***** Source material *****
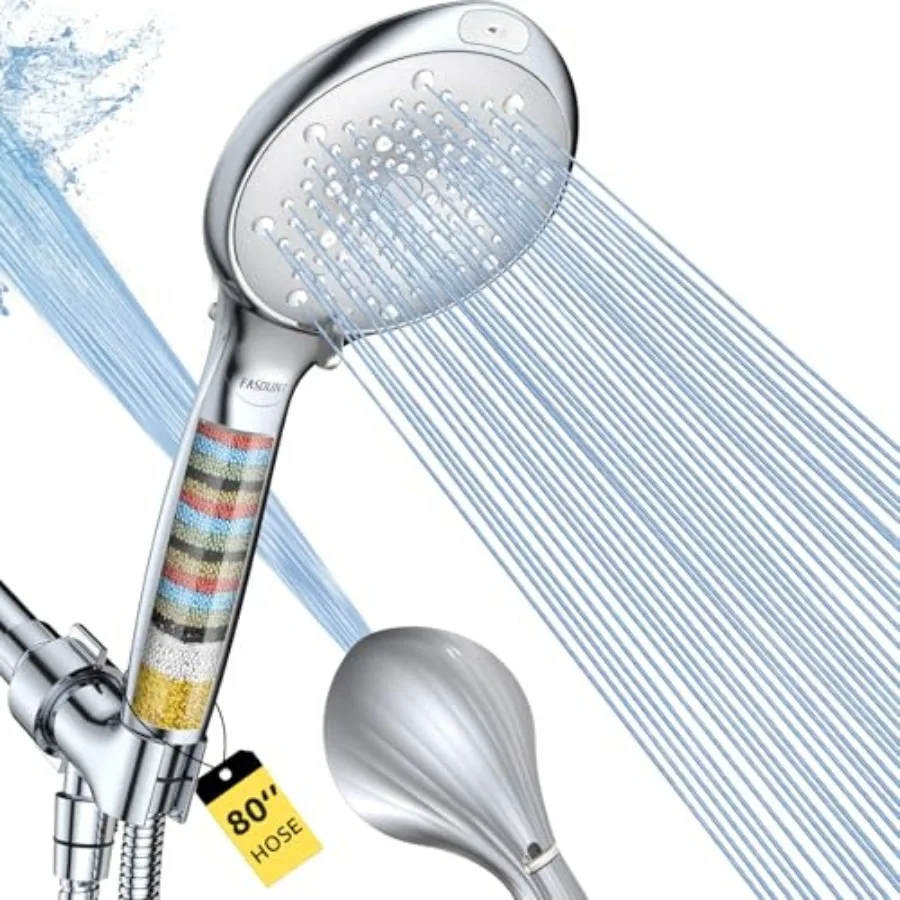 Shower Head with Handheld, High Pressure 8-Mode Filtered Shower Head with 80" Extra Long Stainless Steel Hose and Adjustable Br
Shower Head with Handheld, High Pressure 8-Mode Filtered Shower Head with 80" Extra Long Stainless Steel Hose and Adjustable Br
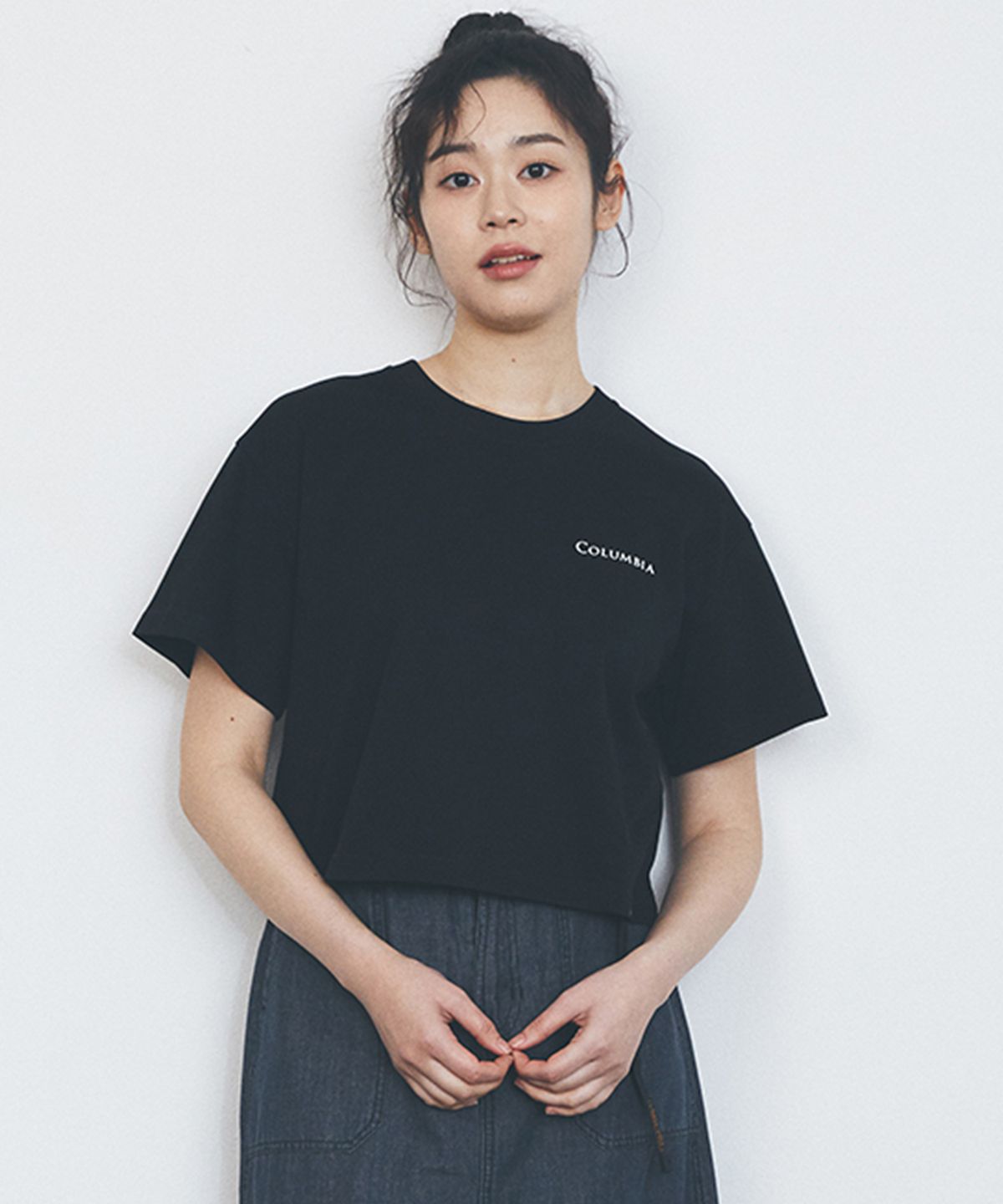 컬럼비아 유니버시티(COLUMBIA UNIVERSITY) CU SIG LOGO WOMEN S/S T-SHIRTS 블랙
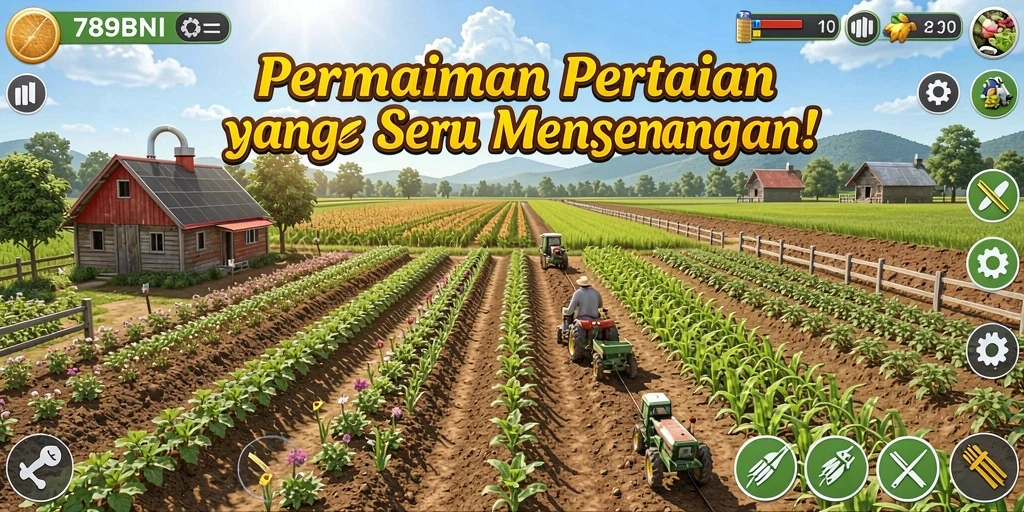 Tampilan gameplay 789BNI menampilkan aktivitas bertani yang menarik.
*****
# Work item
Beginning with the line where "컬럼비아 유니버시티(COLUMBIA UNIVERSITY)" appears, reproduce every remaining line of the listing above, the last one included, but none of the pictures.

# Solution for this problem
 컬럼비아 유니버시티(COLUMBIA UNIVERSITY) CU SIG LOGO WOMEN S/S T-SHIRTS 블랙
 Tampilan gameplay 789BNI menampilkan aktivitas bertani yang menarik.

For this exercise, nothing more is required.